## [INFORMATION PROVIDED]
_ _ _ _ _

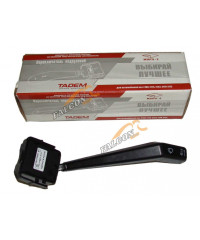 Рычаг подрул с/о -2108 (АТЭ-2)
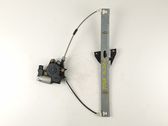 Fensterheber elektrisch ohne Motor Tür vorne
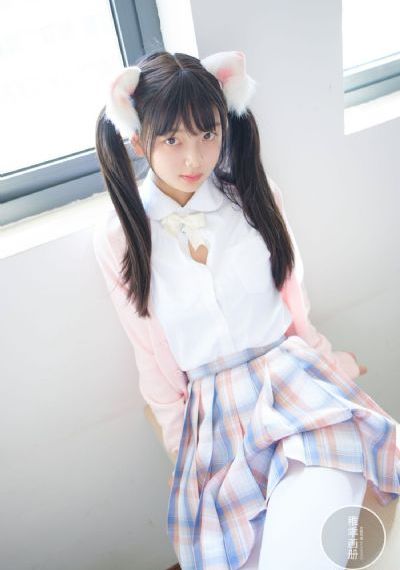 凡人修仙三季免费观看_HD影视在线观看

_ _ _ _ _

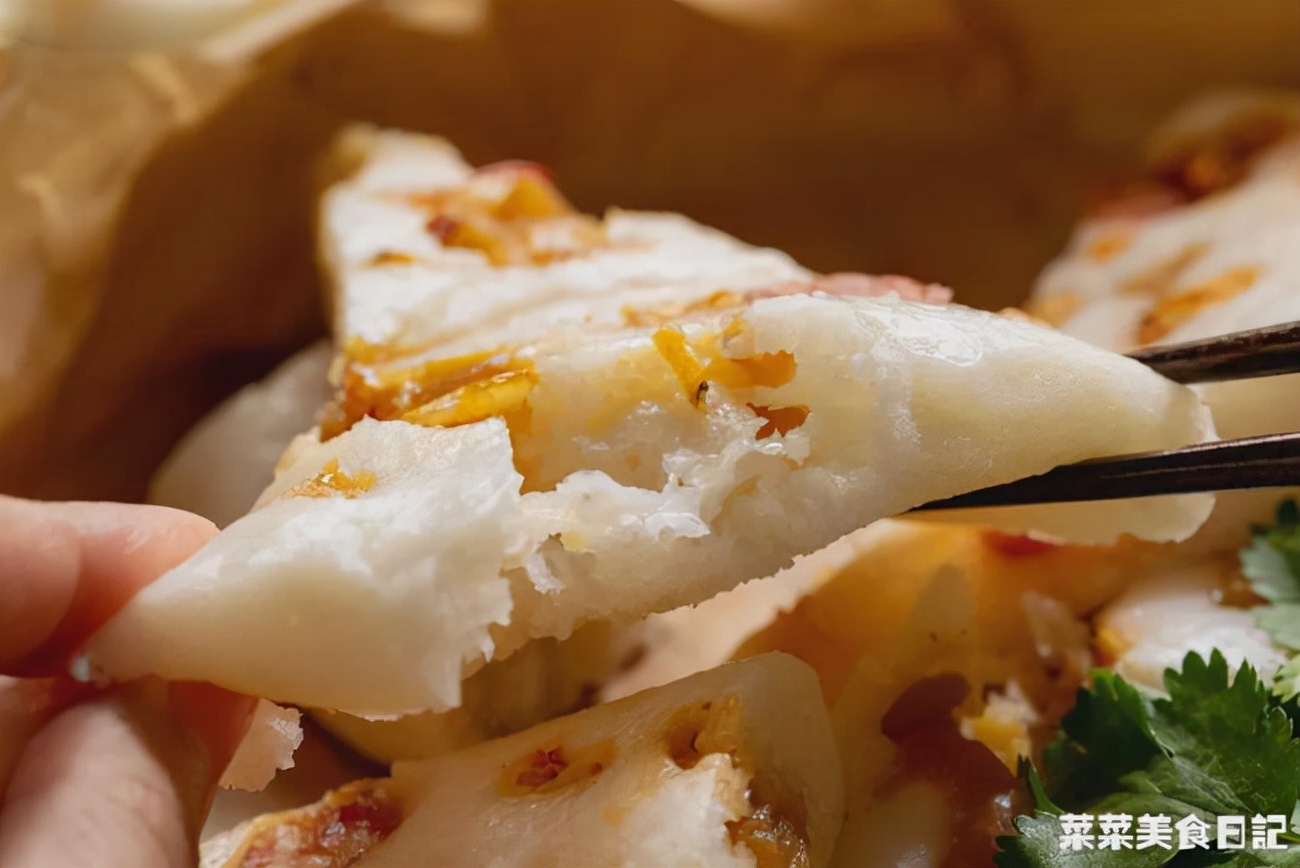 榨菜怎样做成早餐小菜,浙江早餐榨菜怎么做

_ _ _ _ _

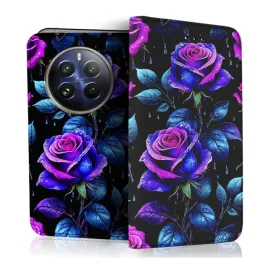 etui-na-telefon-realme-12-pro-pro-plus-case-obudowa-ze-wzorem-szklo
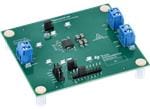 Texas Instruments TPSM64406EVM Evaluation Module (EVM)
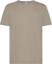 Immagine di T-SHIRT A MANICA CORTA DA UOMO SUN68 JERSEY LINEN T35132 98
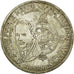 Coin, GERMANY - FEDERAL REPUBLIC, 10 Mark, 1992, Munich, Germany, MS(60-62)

_ _ _ _ _

## [ABOUT THIS EXERCISE]
Beginning with the line above that contains "Texas Instruments TPSM64406EVM" and finishing with the line that contains "Coin, GERMANY - FEDERAL", print those lines exactly and only. Skip all pictures.

## [ANSWER TO THE EXERCISE]
 Texas Instruments TPSM64406EVM Evaluation Module (EVM)
 Immagine di T-SHIRT A MANICA CORTA DA UOMO SUN68 JERSEY LINEN T35132 98
 Coin, GERMANY - FEDERAL REPUBLIC, 10 Mark, 1992, Munich, Germany, MS(60-62)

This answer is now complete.